» **ENTRIES PROVIDED**:
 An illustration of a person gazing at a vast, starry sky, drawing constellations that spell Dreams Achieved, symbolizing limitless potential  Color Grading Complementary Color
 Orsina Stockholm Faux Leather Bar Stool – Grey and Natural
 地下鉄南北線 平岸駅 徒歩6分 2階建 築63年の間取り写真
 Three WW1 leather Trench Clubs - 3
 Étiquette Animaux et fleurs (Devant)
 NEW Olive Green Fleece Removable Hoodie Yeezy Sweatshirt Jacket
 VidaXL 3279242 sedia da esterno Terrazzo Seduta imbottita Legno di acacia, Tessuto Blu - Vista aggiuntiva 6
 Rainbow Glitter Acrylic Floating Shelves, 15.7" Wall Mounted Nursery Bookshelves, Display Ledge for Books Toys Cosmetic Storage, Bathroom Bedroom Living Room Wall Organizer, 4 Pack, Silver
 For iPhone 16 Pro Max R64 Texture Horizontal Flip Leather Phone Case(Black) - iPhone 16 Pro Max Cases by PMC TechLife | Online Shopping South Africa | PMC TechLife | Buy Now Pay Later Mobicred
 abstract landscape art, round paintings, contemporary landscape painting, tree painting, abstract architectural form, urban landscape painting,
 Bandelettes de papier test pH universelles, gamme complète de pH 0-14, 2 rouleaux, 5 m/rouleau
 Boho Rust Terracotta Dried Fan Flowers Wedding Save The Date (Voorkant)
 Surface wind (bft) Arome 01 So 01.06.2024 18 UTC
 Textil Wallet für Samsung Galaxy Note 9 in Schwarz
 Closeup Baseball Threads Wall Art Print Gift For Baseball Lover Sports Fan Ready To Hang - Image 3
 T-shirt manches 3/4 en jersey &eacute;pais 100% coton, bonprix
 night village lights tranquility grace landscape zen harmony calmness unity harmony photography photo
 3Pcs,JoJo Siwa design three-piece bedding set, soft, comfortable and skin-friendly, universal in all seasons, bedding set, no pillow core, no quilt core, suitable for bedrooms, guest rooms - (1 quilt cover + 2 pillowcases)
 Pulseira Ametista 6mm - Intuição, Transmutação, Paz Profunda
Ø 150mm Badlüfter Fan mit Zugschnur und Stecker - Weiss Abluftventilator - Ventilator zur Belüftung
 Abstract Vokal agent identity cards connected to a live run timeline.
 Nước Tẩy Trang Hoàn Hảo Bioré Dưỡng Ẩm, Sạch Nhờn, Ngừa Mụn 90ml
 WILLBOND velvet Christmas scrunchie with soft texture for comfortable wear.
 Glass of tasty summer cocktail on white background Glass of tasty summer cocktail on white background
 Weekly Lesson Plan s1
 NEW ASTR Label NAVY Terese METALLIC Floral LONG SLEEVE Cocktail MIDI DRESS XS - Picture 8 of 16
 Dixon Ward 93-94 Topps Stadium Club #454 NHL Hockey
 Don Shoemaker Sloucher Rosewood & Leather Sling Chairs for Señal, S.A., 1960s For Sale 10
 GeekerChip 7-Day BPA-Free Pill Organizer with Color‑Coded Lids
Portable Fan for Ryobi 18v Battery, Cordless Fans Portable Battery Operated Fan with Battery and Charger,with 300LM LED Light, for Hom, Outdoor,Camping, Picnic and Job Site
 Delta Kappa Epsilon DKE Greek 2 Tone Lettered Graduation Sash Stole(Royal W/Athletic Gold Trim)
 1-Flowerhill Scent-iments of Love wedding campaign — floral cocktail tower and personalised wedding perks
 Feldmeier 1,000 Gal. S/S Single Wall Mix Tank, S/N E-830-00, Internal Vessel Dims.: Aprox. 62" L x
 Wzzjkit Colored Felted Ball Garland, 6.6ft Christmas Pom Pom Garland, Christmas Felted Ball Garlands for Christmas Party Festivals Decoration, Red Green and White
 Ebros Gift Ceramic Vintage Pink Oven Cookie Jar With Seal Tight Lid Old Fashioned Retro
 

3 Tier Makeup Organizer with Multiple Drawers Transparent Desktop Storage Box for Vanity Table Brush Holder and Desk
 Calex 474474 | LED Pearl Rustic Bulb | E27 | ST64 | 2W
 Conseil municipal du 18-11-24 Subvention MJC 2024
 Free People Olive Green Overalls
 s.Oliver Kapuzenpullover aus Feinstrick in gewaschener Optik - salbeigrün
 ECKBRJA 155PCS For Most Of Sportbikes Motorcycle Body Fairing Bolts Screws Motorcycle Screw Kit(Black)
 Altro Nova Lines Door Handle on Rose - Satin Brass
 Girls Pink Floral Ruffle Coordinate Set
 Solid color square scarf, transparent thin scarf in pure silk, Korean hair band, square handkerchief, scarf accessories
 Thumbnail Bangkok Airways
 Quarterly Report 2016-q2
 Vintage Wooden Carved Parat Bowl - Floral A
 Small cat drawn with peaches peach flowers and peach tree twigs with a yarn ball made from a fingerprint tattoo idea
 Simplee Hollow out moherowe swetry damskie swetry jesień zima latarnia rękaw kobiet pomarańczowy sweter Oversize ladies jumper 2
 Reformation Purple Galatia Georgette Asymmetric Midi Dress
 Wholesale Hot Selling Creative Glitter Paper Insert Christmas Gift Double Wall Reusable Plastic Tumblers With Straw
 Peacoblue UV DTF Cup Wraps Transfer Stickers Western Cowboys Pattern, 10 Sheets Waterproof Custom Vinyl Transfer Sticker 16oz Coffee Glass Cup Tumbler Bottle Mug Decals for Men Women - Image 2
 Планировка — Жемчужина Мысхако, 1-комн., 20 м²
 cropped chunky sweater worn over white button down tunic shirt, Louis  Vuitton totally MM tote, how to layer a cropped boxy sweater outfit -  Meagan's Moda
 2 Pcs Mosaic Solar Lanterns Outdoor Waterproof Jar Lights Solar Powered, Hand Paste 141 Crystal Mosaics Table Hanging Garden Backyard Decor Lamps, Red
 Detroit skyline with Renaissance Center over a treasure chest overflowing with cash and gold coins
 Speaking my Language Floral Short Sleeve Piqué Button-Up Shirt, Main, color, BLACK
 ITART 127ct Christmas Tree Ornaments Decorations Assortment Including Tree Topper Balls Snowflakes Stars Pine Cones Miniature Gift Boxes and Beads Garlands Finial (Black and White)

» **ASSIGNED TASK**:
Please return only the lines above, starting at the line that has "Three WW1 leather Trench Clubs - 3" and ending at the line that has "VidaXL 3279242 sedia", keeping both and leaving each one unchanged.

» **PROBLEM SOLUTION**:
 Three WW1 leather Trench Clubs - 3
 Étiquette Animaux et fleurs (Devant)
 NEW Olive Green Fleece Removable Hoodie Yeezy Sweatshirt Jacket
 VidaXL 3279242 sedia da esterno Terrazzo Seduta imbottita Legno di acacia, Tessuto Blu - Vista aggiuntiva 6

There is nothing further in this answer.